##### Source material
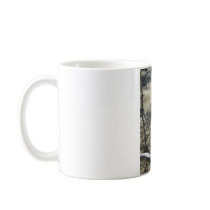 zebras mugs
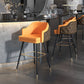Tabouret de comptoir de dossier d'accoudoir moderne tabouret de Bar de café en fer avec coussin et pédale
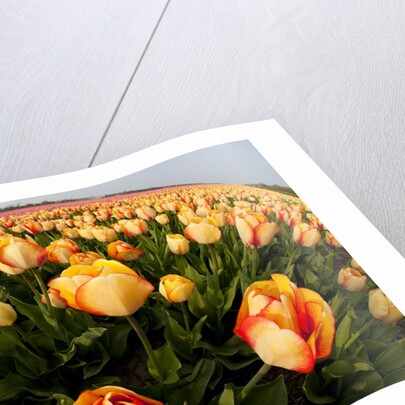 North Holland, Netherlands, springtime tulips fields in Orange tones by Anonymous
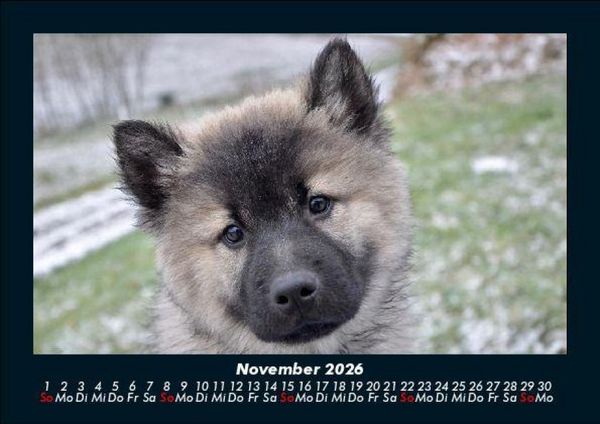 Produktbild: Hundezauber 2026 Fotokalender DIN A5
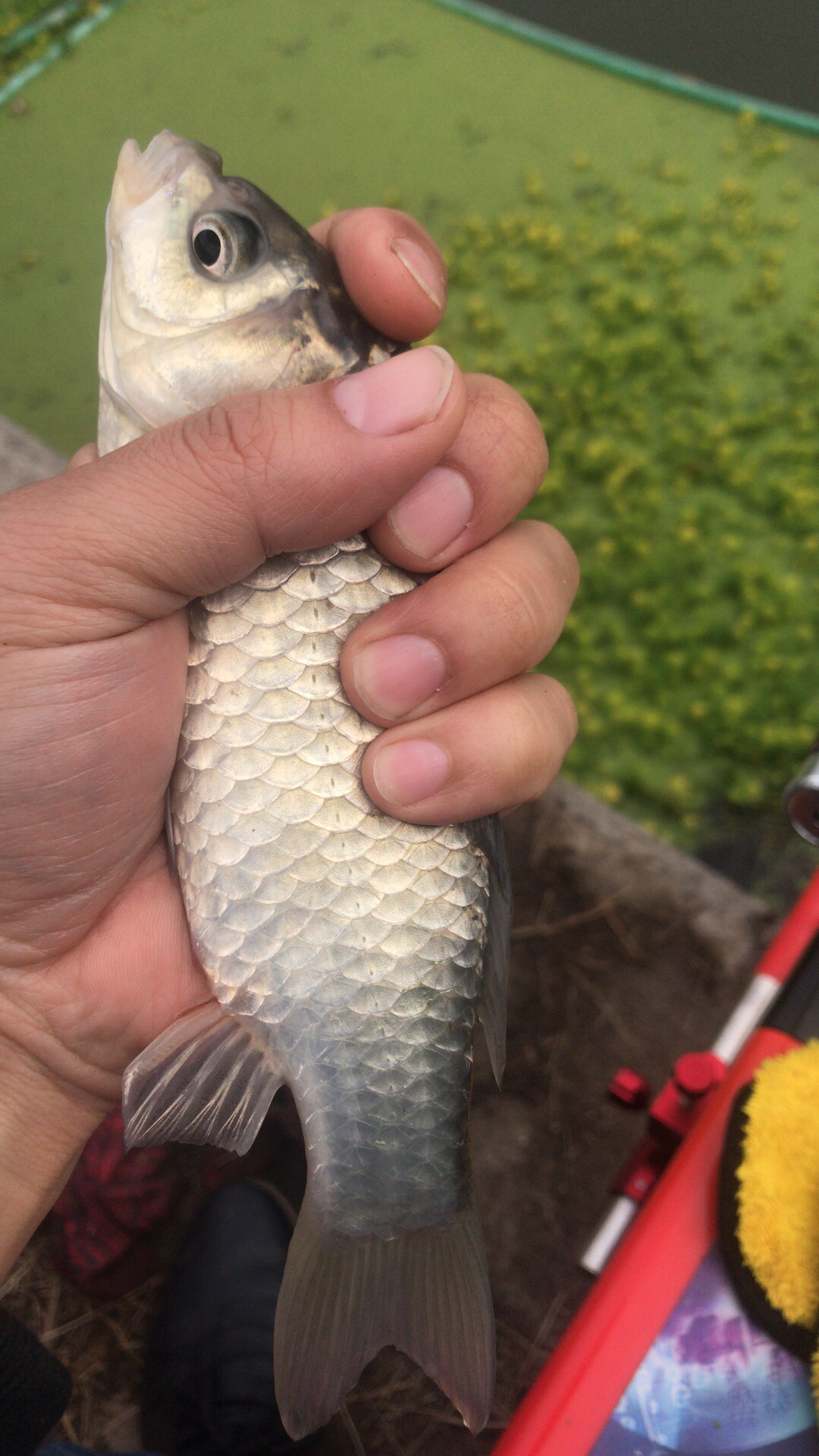 野钓垂钓实录,野钓钓鱼视频实战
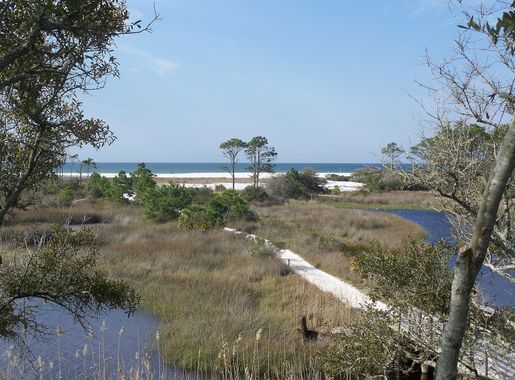 File:PC Beach Camp Helen SP01.jpg - Wikimedia Commons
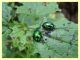 chrysolina fastuosa su Lamium album 10.6.2025 - (39).JPG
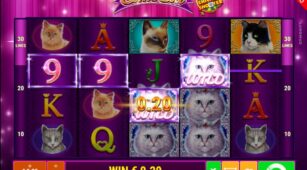 Cutie Cat Ccs demo play free 3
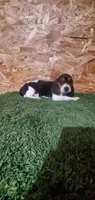 Bella, a female Beagle for sale in Montgomery, IN – Photo 3 of 5
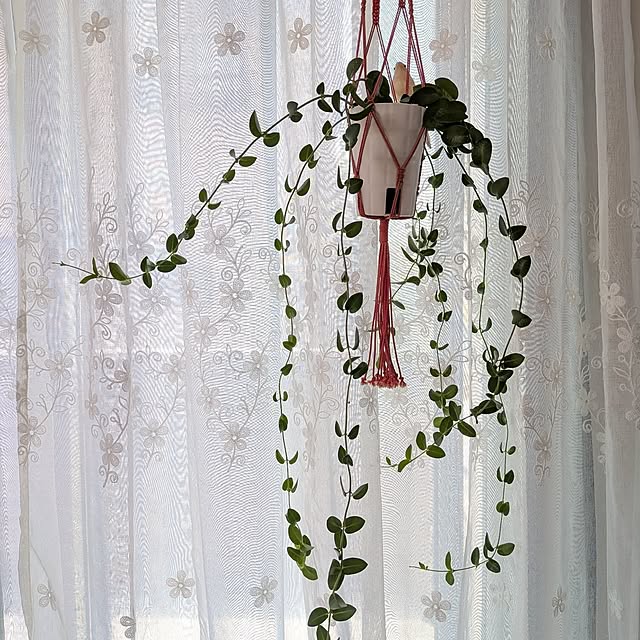 Maroさんの部屋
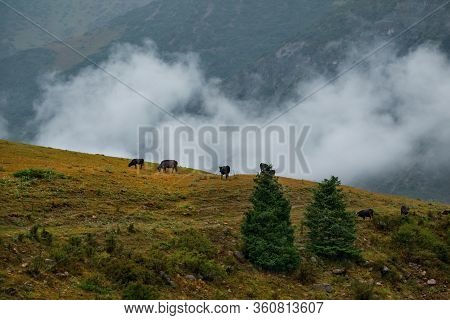 Сentral Asia. Kyrgyzstan. A Grazing Herd Of Cows On High-altitude Pastures On The Slopes Of The Tien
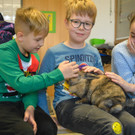Hasenbesuch in der Schule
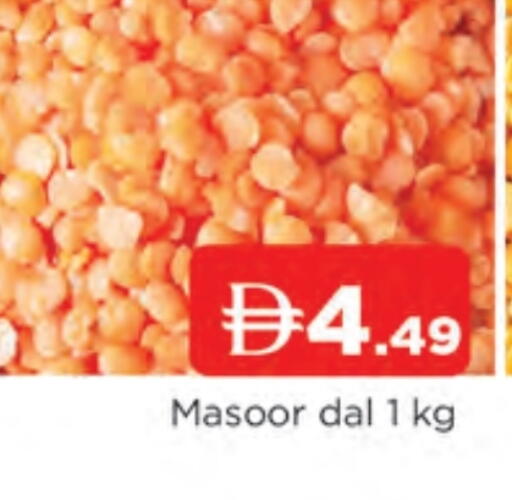 available at المدينة in الإمارات العربية المتحدة , الامارات - الشارقة / عجمان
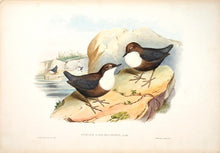 Load image into Gallery viewer, Richter after Gould Cashmerian Water Ouzel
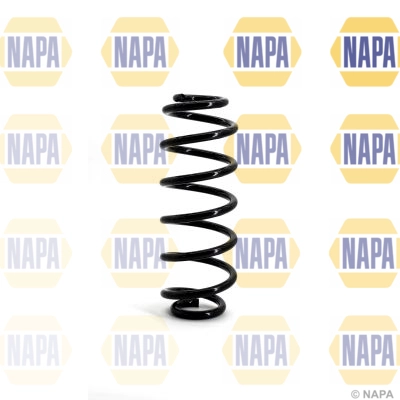 Suspension Spring (NCS1135)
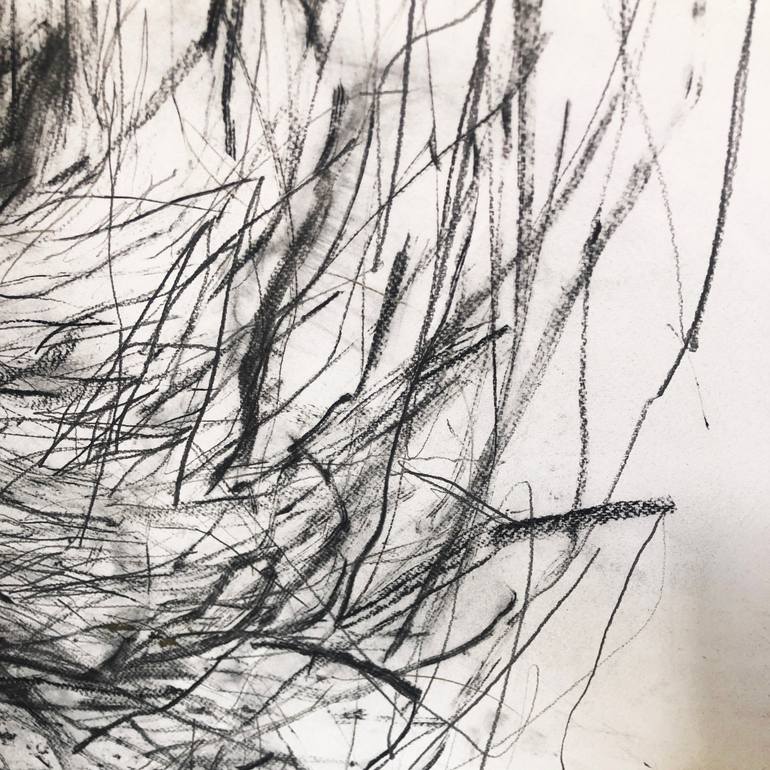 Original Figurative Nature Drawing by Gillian Cooper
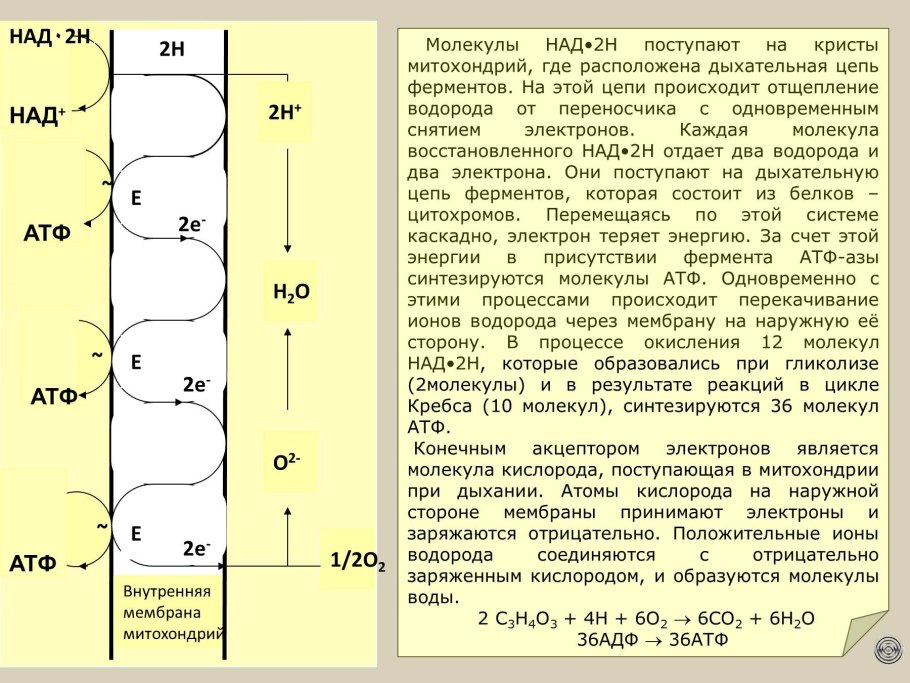 Сколько АТФ образуется в дыхательной цепи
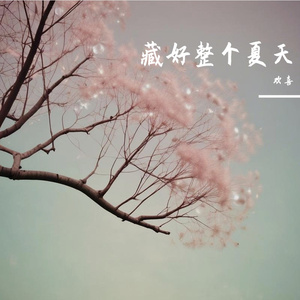 藏好整个夏天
##########
Only the lines from the one containing "North Holland, Netherlands, springtime" through the end of the records should be copied, exactly and with both ends included; the pictures should not.

 North Holland, Netherlands, springtime tulips fields in Orange tones by Anonymous
 Produktbild: Hundezauber 2026 Fotokalender DIN A5
 野钓垂钓实录,野钓钓鱼视频实战
 File:PC Beach Camp Helen SP01.jpg - Wikimedia Commons
 chrysolina fastuosa su Lamium album 10.6.2025 - (39).JPG
 Cutie Cat Ccs demo play free 3
 Bella, a female Beagle for sale in Montgomery, IN – Photo 3 of 5
 Maroさんの部屋
 Сentral Asia. Kyrgyzstan. A Grazing Herd Of Cows On High-altitude Pastures On The Slopes Of The Tien
Hasenbesuch in der Schule
 available at المدينة in الإمارات العربية المتحدة , الامارات - الشارقة / عجمان
 Load image into Gallery viewer, Richter after Gould Cashmerian Water Ouzel
 Suspension Spring (NCS1135)
 Original Figurative Nature Drawing by Gillian Cooper
 Сколько АТФ образуется в дыхательной цепи
 藏好整个夏天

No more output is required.